No, make that fabulous – most of the time. Like the Ramones and the Ventures, Shonen Knife's frenetic power pop whisks you away with a foot-stomping beat. OK, so that's the visceral appeal. But Shonen Knife works for the mind, too: How many all-woman Japanese rock bands are there? (Use the term "girl group" if you want.) Isn't this a big step ahead for women in rock – and women in Japan?

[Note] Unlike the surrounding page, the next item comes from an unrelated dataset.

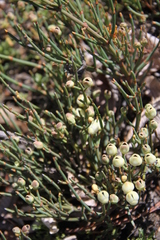 Ephedra chilensis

Well, yes, I think so, and while Shonen Knife are so beloved among musicians that there's already a cover album of Shonen Knife tunes (Every Band Has a Shonen Knife Who Loves Them), too many rock critics dismiss the band as something of a novelty – enjoyable enough, but not Important. Admittedly, Shonen Knife can be cute bordering on cutesy. Its first genu-wine English-language album, the ultra-cool Let's Knife, amounts to a soundtrack for a John Waters movie as yet unfilmed, offering paeans to Barbie dolls (in "Twist Barbie") and penny candy (in "Flying Jelly Attack"). I'd lay odds that Naoko Yamano, Michie Nakatani, and Atsuko Yamano actually play up their Japanese accents for camp value – prick up your ears for the epenthesis in "Riding the Rocket" that makes "Pluto" sort of rhyme with "ice cream." All this, to mainstream rock writers, bespeaks a frivolity for which there just is no room in their world. Shonen Knife commits the sin of churning out fun tunes with guitars, which are of course a sacred penile substitute reserved for superbutch rock guys.

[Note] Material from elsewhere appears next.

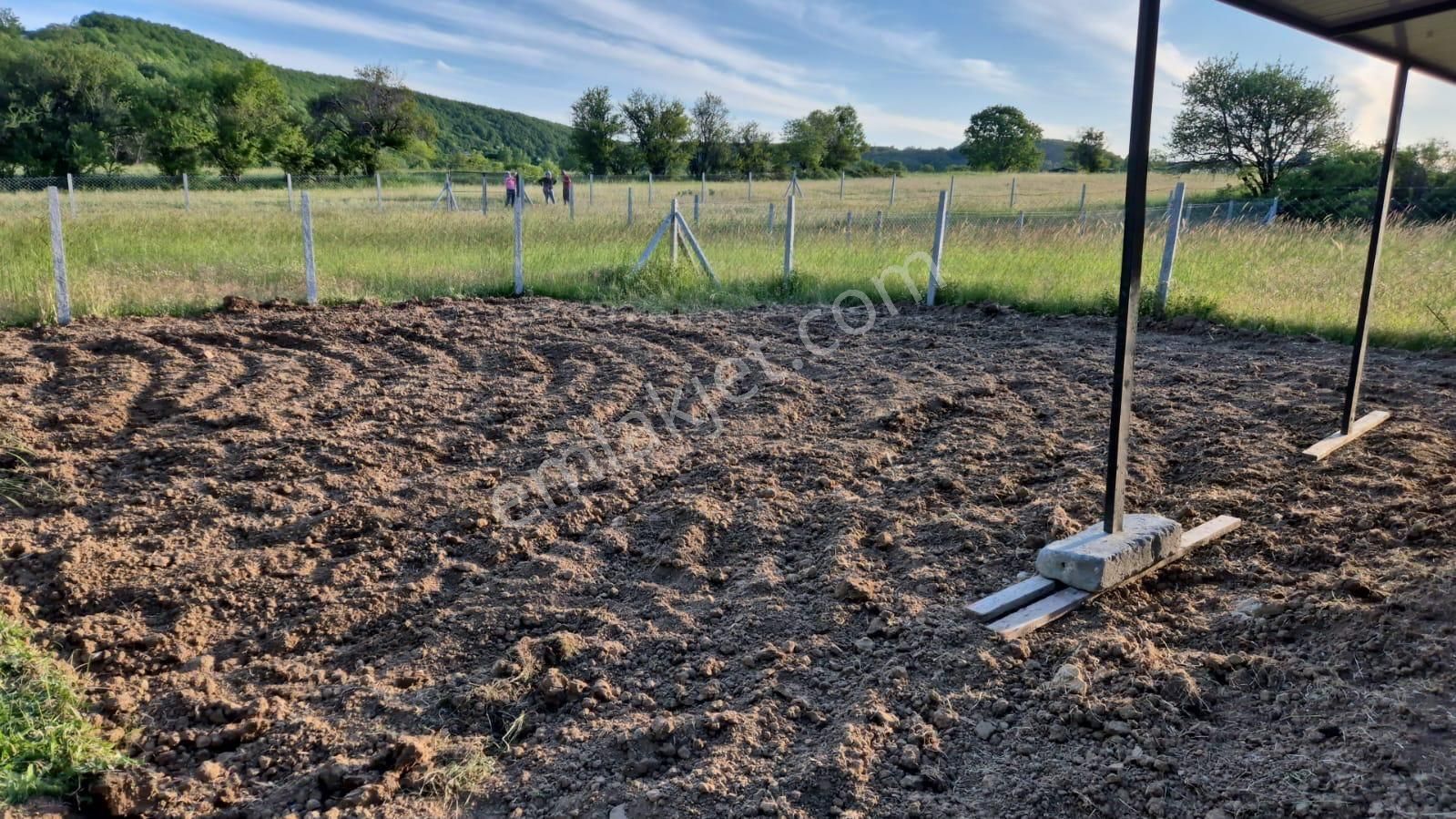 Binkılıç Da Satılık 300m2 Hisseli Tarla - Görsel 7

Paul McCartney may disagree, but I've certainly had enough of silly love songs. Why shouldn't Shonen Knife express sympathy for the endangered bison ("Bear Up, Bison") or yearn for the escape of interplanetary travel ("Riding the Rocket," "I Am a Cat")? I'm all for ditties about "little" things; pop music, after all, is supposed to relate to real life, and Barbie dolls, jelly beans, bison and so on seem real enough to me. Besides, the Ramones and Shonen Knife could easily perform each other's songs, and the Ramones are still taken seriously years after their heyday, right?
So forgive me if I detect an undercurrent of misogyny and anti-Japanese resentment in rock writers' diminution of Shonen Knife. You'll find the odd ballad on Let's Knife (and I do mean odd – the ode to Singapore sticks out like a sore thumb), and a careful reading of the lyrics will expose a subtle anomic melancholy beneath all the fun, but Shonen Knife's species of pop lends itself to forgetting all that and having a good time. With the B-52s so boring these days, Shonen Knife arrived just in the nick of time. Pop this album into your stereo, crank it up, and groove on go-go tunes for girls of all genders.
How many albums has Garth Brooks sold? One for every household in Canada? The phrase "country superstar" barely begins to describe his pan-galactic celebrity, but being that famous at least lets you get away with things.
Like what? Like the treacly number "We Shall Be Free," which imagines a future world of liberty and justice for all – including us sensitive folk. All it took was one simple verse ("When we're free to love anyone we choose, then we shall be free") for Brooks to join the tiny coterie of country artistes to discuss queers in anything like complimentary terms. (The only other example I can cite is Pirates of the Mississippi's "Feed Jake." Country queens are invited to write in with others.)
[Note, though, that in a 1999 interview in George, Brooks admits that he was thinking of interracial love when writing the song. Touché.]
So it's too bad he had to mess it up by putting out what could be the worst possible video for "We Shall Be Free," with cameos by such paragons of community credibility as Jay Leno (ick) and Michael Bolton (double, triple, quadruple ick) telling us to love one another. Yeah, right. Egregiously tokenistic is the appearance of Marlee Matlin, who signs without interpretation or subtitles in a video that isn't closed-captioned on Canadian TV. Worse yet, all audio halts while she's signing, as if to emphasize to hearing viewers how "different" she is. Feh.
No matter. Though not a sexpot in Hollywood terms with his ample midsection and receding hairline, Brooks still gives off quite an aura. In fact, he burns with a charisma that stems from something hard to find these days. It's called integrity.